In fact, there are currently many cases where employers intentionally delay the payment of salaries to employees. So, what are the penalties imposed on employers delaying the payment of salaries to employees in Vietnam?
Vietnam: What are the penalties imposed on employers delaying the payment of salaries to employees? (Illustrative image)
The editorial team at Lawnet would like to address this matter as follows:
1. Enterprises in Vietnam are not allowed to delay payment of salaries to employees for more than 01 month
Under Article 24 Decree 05/2015/ND-CP, the principles of salary payment to employees in Vietnam are stipulated as follows:
- The employee shall be paid directly, fully and punctually.

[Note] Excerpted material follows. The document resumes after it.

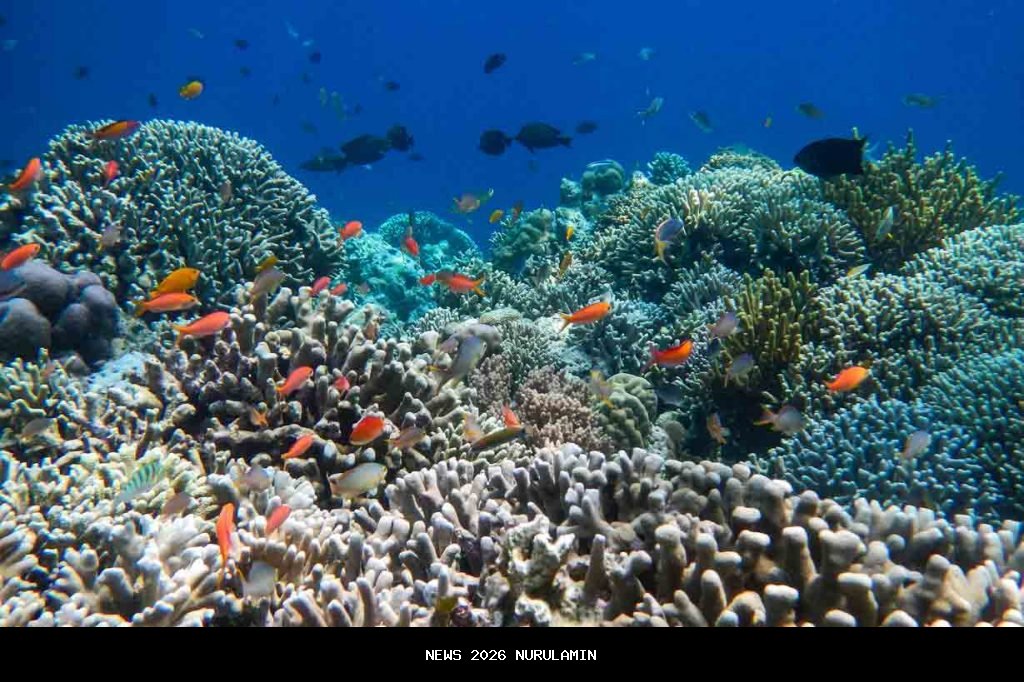 5.600 Bibit Terumbu Karang Ditebar di Laut Bondalem Bali Saat Festival Bahari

- In case natural disaster, conflagration or other force majeure events take place, and employers have sought all remedial measures but can not make payment on time as agreed in the employment contract, the payment shall be made within 01 month. The employer shall make additional payment to the employee due to their late payment in the following cases:
+ If such late payment is made within less than 15 days, additional payments are not required;
+ If the late payment is made for 15 days or more, an extra amount shall be at least equal to the arrears of salary multiplied by the ceiling of interest rate for 1-month deposits announced by the State Bank of Vietnam at the time when the payment is made. If the State Bank of Vietnam does not specify the ceiling interest rate, the 1-month deposit interest rate of commercial banks, where businesses and agencies open trading accounts at the time of payment, shall be applied.
Thus, under the above regulations, employees receiving monthly salaries are to be paid monthly or bi-monthly directly, fully, and on time. However, in special cases due to natural disasters, fires, or other force majeure reasons where the employer has taken all remedial measures but cannot pay the salary on time as agreed in the employment contract, the salary delay shall not exceed 01 month.

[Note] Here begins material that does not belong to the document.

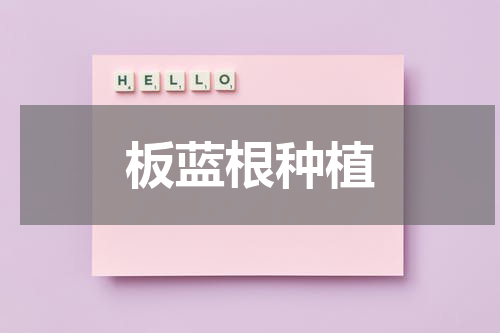 板蓝根种植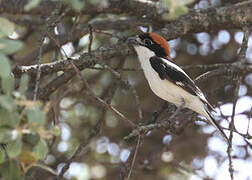 Woodchat Shrike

2. Enterprises delaying the payment of salaries to employees in Vietnam may be fined up to 100 million VND
According to Clause 2, Article 16 of Decree 28/2020/ND-CP, the following fines may be imposed on employers delaying salary payments, not paying, or not paying sufficient salaries to employees as agreed in the employment contract:
- A fine ranging from VND 5,000,000 to VND 10,000,000 to be imposed if the violation involves 01 – 10 employees;
- A fine ranging from VND 10,000,000 to VND 20,000,000 to be imposed if the violation involves 11 – 50 employees;
- A fine ranging from VND 20,000,000 to VND 30,000,000 to be imposed if the violation involves 51 – 100 employees;
- A fine ranging from VND 30,000,000 to VND 40,000,000 to be imposed if the violation involves 101 – 300 employees;
- A fine ranging from VND 40,000,000 to VND 50,000,000 to be imposed if the violation involves 301 or more employees.
However, the above fines apply to individual employers. For organizational employers, the fines are doubled according to Clause 2, Article 5 of Decree 28/2020/ND-CP.
Thus, under the above regulations, enterprises intentionally delaying the payment of salaries to employees in Vietnam can be fined up to 100 million VND. Therefore, enterprises need to ensure timely payment of salaries to employees to avoid penalties as per legal provisions. Meanwhile, employees should be aware to protect their rights.